**The task:** All pictures must be left out as you transcribe the lines from the first line of the data to the line containing "Hello friends, my", both included.

**Dataset section:**

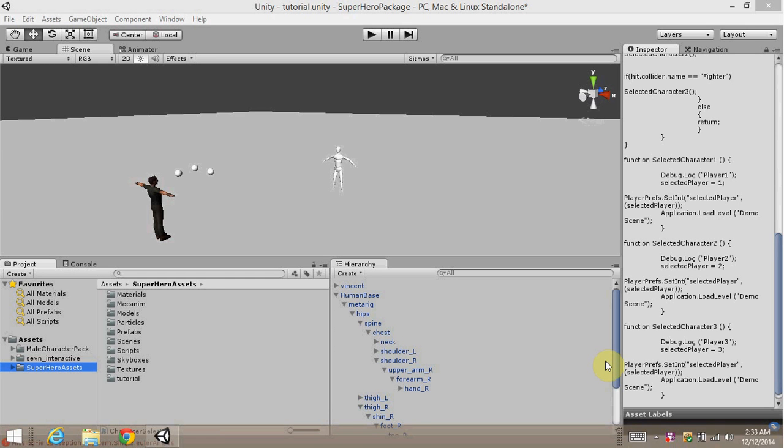Good evening everybody. Thank you for joining Cyberspace Games in a Superhero Package Tutorial. In this video, I'm going to be talking about a couple of bonus things I added in the package here.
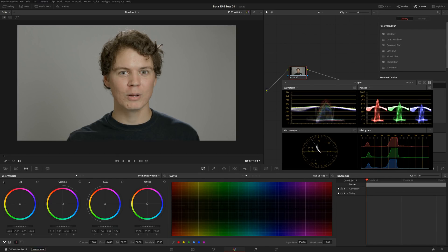Hello friends, my name is Theo, and today in this exciting Meester Media tutorial, we're going to be talking about how to even out skin tone inside of DaVinci Resolve.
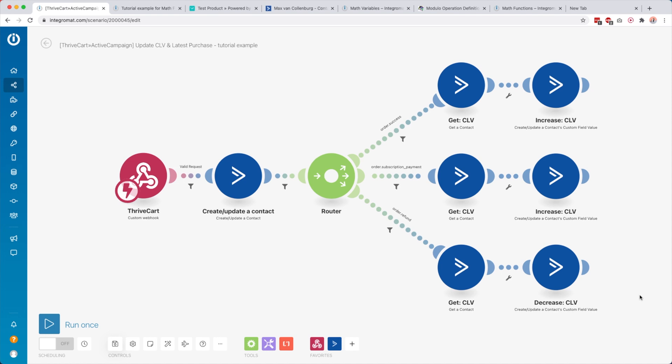This is one of my favorite use cases. You can obviously use this for something else, but I thought it's cool to show a practical example. What I like to do is update the customer lifetime value of a contact inside my email service provider, so that every time somebody places an order I increase that number — so I know this contact spent this amount of money with me.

**Result of the exercise:**
Good evening everybody. Thank you for joining Cyberspace Games in a Superhero Package Tutorial. In this video, I'm going to be talking about a couple of bonus things I added in the package here.
Hello friends, my name is Theo, and today in this exciting Meester Media tutorial, we're going to be talking about how to even out skin tone inside of DaVinci Resolve.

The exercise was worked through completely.